Die treibende Kraft während dieser ganzen Zeit war Volodja, Volodymyr Kochetkow-Sukach. Mittlerweile war er älter geworden und hatte vier eigene Kinder in der Waldorfschule Sophia in Kiew. In schweren Zeiten, als die Waldorfpädagogik immer wieder angegriffen wurde, standen mutige Eltern wie ein eiserner Kreis um die Schule herum und verhinderten ihre Schließung. Heute zweifelt niemand mehr daran, dass die Waldorfpädagogik ihren sicheren Platz im ukrainischen Gesellschaftsleben hat.

Es sind wieder schwere Zeiten gekommen – nicht nur für die Waldorfschulen: Das ganze Land kämpft heute um seine Zukunft.

Unterrichten im Krieg

Kann man sich vorstellen, wie es ist, wenn die Ehemänner der Lehrerinnen und die Eltern der Kinder im Krieg sind? Wenn Lehrerinnen in ihrer Freizeit noch als Freiwillige Medikamente oder Spenden für die Front sammeln, auf Beerdigungen gehen oder den Verletzten und ihren Familien helfen? Wie es ist, wenn es seit eineinhalb Jahren keine Ruhe gibt, nur Trauer und Schmerz, die Erwartung des Schlimmsten, und dennoch die Hoffnung, dass es endlich vorbei ist … und es geht nicht vorbei? An keinem geht es vorbei! Volodjas Tod hat alle, die mit der Waldorfschule und der Anthroposophie in Kiew zu tun haben, tief getroffen: er begründete die Waldorfschule Sophia, unzählige Projekte, welche auch in Zukunft eine große Rolle in unserem Leben spielen werden. Er war ein Beweis dafür, dass Wunder geschehen, ein lebendes Beispiel dafür, was ein frei denkender Mensch bewirken kann. So leben wir im Krieg und unterrichten doch, leben mit dem Blick in die Zukunft.

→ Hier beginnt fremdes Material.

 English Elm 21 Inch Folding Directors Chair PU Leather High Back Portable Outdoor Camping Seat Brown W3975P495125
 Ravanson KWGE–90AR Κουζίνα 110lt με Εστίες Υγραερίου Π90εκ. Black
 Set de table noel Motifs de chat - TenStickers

Auch die Kinder der Waldorfschule Sophia sind nicht nur mit dem Unterricht beschäftigt. Sie schreiben regelmäßig Briefe für die Soldaten und malen Bilder für sie. Diese Briefe werden an der Front sehnsüchtig erwartet, sie dienen als schützende Talismane und seelische Unterstützung für alle Kämpfenden. Seit einiger Zeit flechten die Schüler aus besonderen Fäden sogenannte multifunktionale Bänder, die für das Zunähen von Wunden, als Verband verletzter Körperteile oder sogar zum Herausziehen der Verletzten aus einer Verschüttung dienen können. Oft geben die Schüler in den Kiewer Krankenhäusern Konzerte und versuchen mit ihrer Musik, den Menschen dort ein bisschen Wärme zu schenken.

Natürlich ist die heutige Situation sehr belastend für alle. Aber so viel Mitleid und Achtsamkeit untereinander habe ich noch nie erlebt.

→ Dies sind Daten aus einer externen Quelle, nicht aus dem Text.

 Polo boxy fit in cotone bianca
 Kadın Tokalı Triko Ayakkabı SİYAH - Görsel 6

Nach 13 Jahren offizielle Anerkennung

Es gibt nur vier offizielle ukrainische Waldorfschulen: Dnepropetrowsk, Odessa, Kriwij Rig und Kiew. Mehrere Waldorfschulen und Initiativen auf privater Basis sind aus finanziellen Gründen geschlossen worden oder sind nicht mehr Waldorf. Alle Schulen, die auf staatlicher Basis arbeiteten, leben noch und wachsen sogar weiter. Das Jahr 2014 war nicht nur durch die Maidan-Revolution und den Krieg mit Russland gekennzeichnet. In jenem Jahr ging auch ein vom ukrainischen Bildungs- und Wissenschaftsministerium mit den Waldorfschulen durchgeführtes »pädagogisches Experiment« erfolgreich zu Ende. Dank dieses »Experiments«, das 13 Jahre dauerte, dürfen die Schulen nun offiziell nach den Prinzipien der Waldorfpädagogik arbeiten. In den 1990er Jahren, als sie mit ihrer Arbeit begannen, mussten sie sich fast verstecken. 77 Prozent der ehemaligen Waldorfschüler sind heute Studenten an Hochschulen und Universitäten.

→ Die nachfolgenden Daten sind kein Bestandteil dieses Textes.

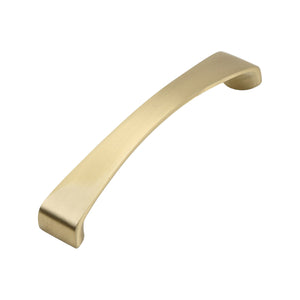 Brass-tone arched flat bar pull, 128 mm, option No. 1.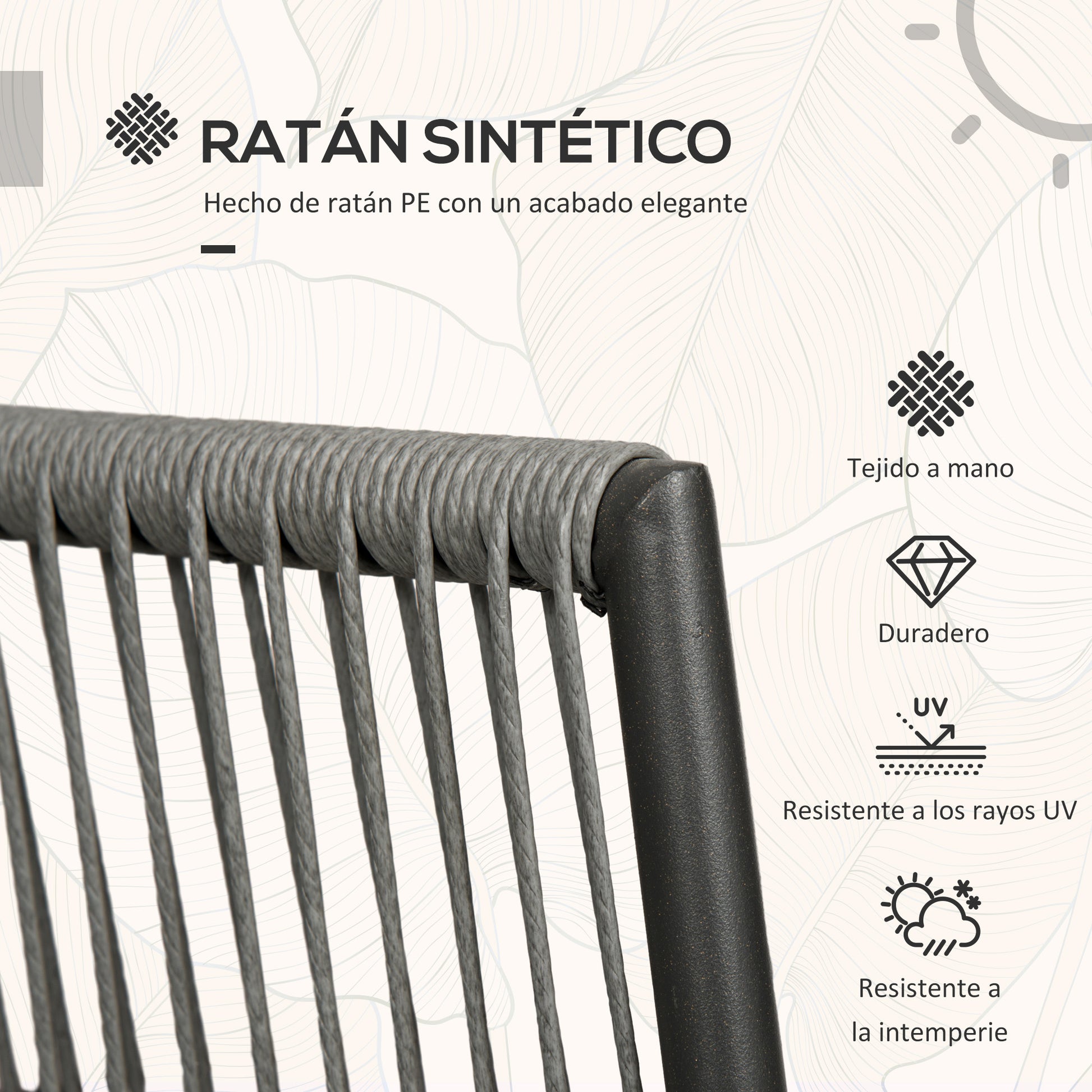 Outsunny Conjunto de Muebles de Jardín de Ratán Sintético 3 Piezas Conjunto de Mesa y 2 Sillas de Ratán con Cojines Acolchados Extraíbles para Balcón Terraza Patio Gris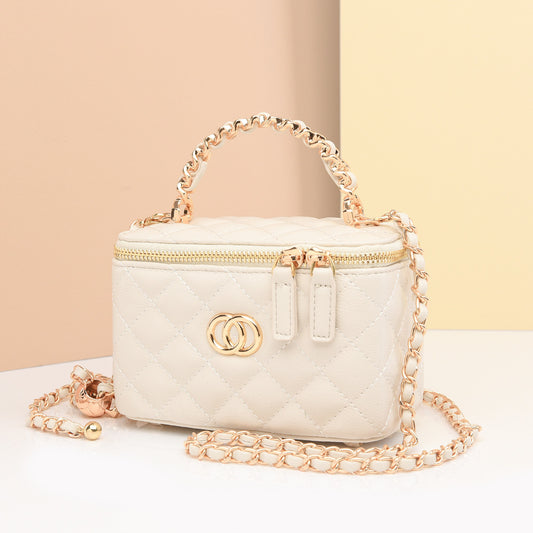 Crossbody Bag New Fashion Simple Small Bag Women's Diamond Lattice Chain Women's Hand Bag High-end Makeup Box Bag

In der Kiewer Pädagogischen Universität finden Vorlesungen und Seminare zur Waldorfpädagogik statt. Das Interesse für Waldorfpädagogik wächst weiter und es gibt mehrere neue pädagogische Initiativen in Dnepropetrowsk, Saporischje, Nikolaew und Kiew.

Zur Autorin: Elena Killge ist Eurythmielehrerin an der Rudolf Steiner Schule Mittelrhein / Neuwied und wurde in Kiew geboren.